As part of a denomination without clergy, I have been involved in public speaking since I was a teenager and have been attempting to write books and magazine articles for as long. My earliest book was a commentary on Daniel had a print run of two. My first proper books were about Revelation, the last book of the New Testament.
Under the Willow Publications imprint, I have published a number of compliations of essays, written for non-academic audience.
What do you think when you hear the word “faith”? Do you think of deep spiritual connections, or irrational will-to-believe? What even is faith, how does it work, and what is it founded on? This book might help you answer some of these questions, as it explores the interplay between faith and beliefs, the foundations of religious beliefs, and how someone might go from having no faith to having a faith.
If you are interested in faith and spirituality—and let’s face it, you are interested enough to read the back cover of this book—but don’t know what that might mean, then this book might be for you. I hope it will help you discover what faith means and how you might explore whether it is for you.
If you have a faith but are struggling with doubts or uncertainties—if you are feeling untethered and in need of a foundation—then this book might be for you. I hope it will help you find the next chapter of your faith, a faith that is open to questions and flexible to challenges.

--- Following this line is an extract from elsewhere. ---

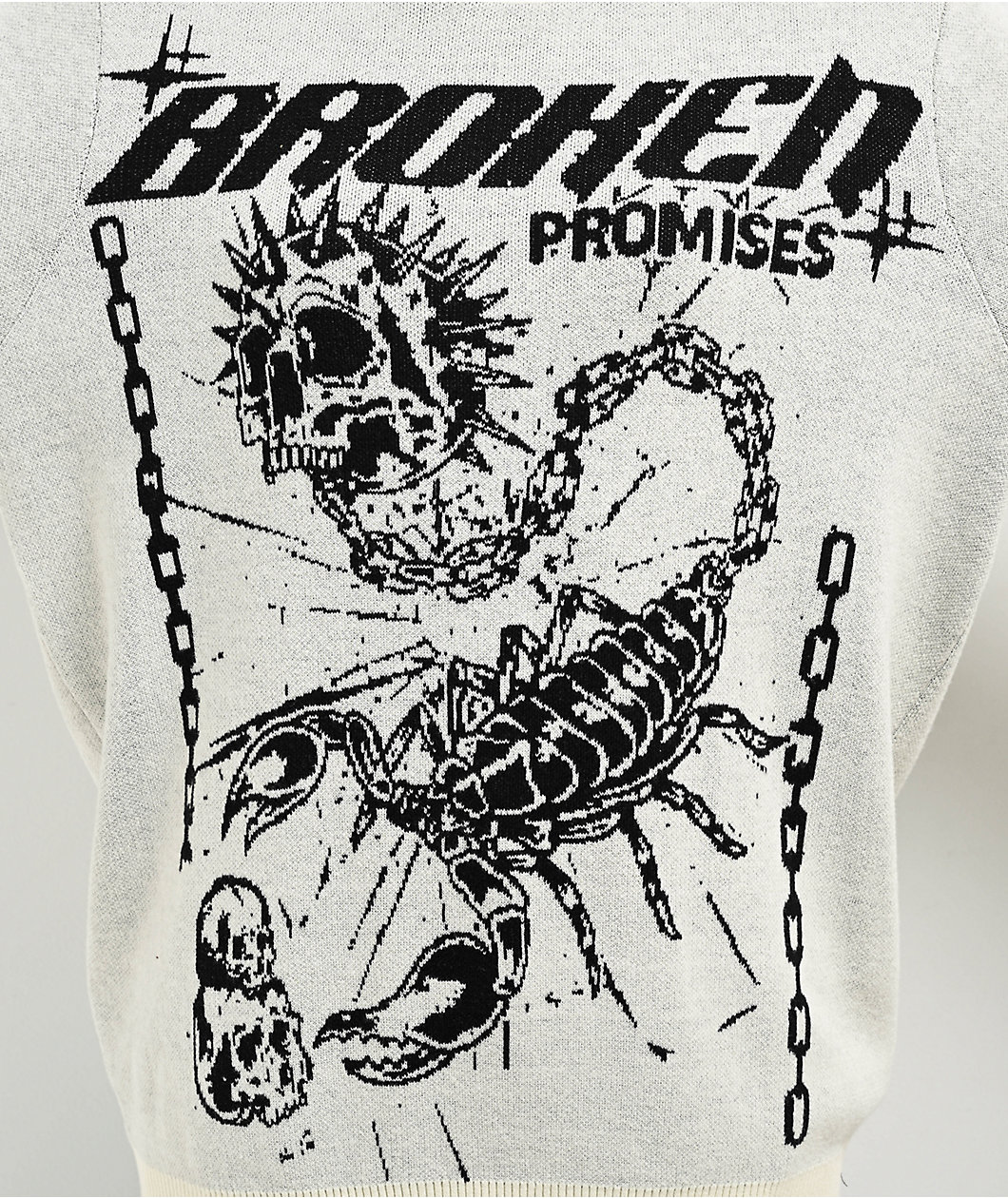 Broken Promises Deadly Stinger Cream Sweater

“Thomas Gaston is an easy and genial conversationalist who—without you realizing it—will show you how to think clearly and sensibly about faith and belief. From the beginning you will be engaged painlessly with serious and rigorous argument. But there is nothing dogmatic about this book; rather it is an invitation to us all to examine the foundations of our own web of convictions and to ask ourselves how securely they are anchored.” —Robert J. Wilkinson, author of Tetragrammaton: Western Christians and the Hebrew Name of God
“This is a frank and accessible approach to the Christian faith, aimed at thoughtful enquirers. Thomas is committed to a balanced approach, exploring arguments and counterarguments in a generous way. He sees Christian faith as supported by a web of beliefs, which can lead us to confidence in God within the uncertainties of life.” —Susannah Reide, Chaplain and Welfare Link, Harris Manchester College, University of Oxford
“It’s not possible to argue someone into faith. But it is possible to clear away some of the obstacles and show that some kinds of faith can be rational, coherent, and make very good sense. This book sets out that case, in a powerful, clear, and highly engaging way.” —Peter Jeavons, Professor of Computer Science, University of Oxford
In this book, a number of authors bring together their expertise in various fields, including science, philosophy and biblical studies, to lay out some of the reasons for believing in God, Jesus, and the Bible. Covering topics ranging from the fine-tuning of physical constants to the historical evidence of the resurrection of Jesus, this book provides positive reinforcement for faith in the modern world.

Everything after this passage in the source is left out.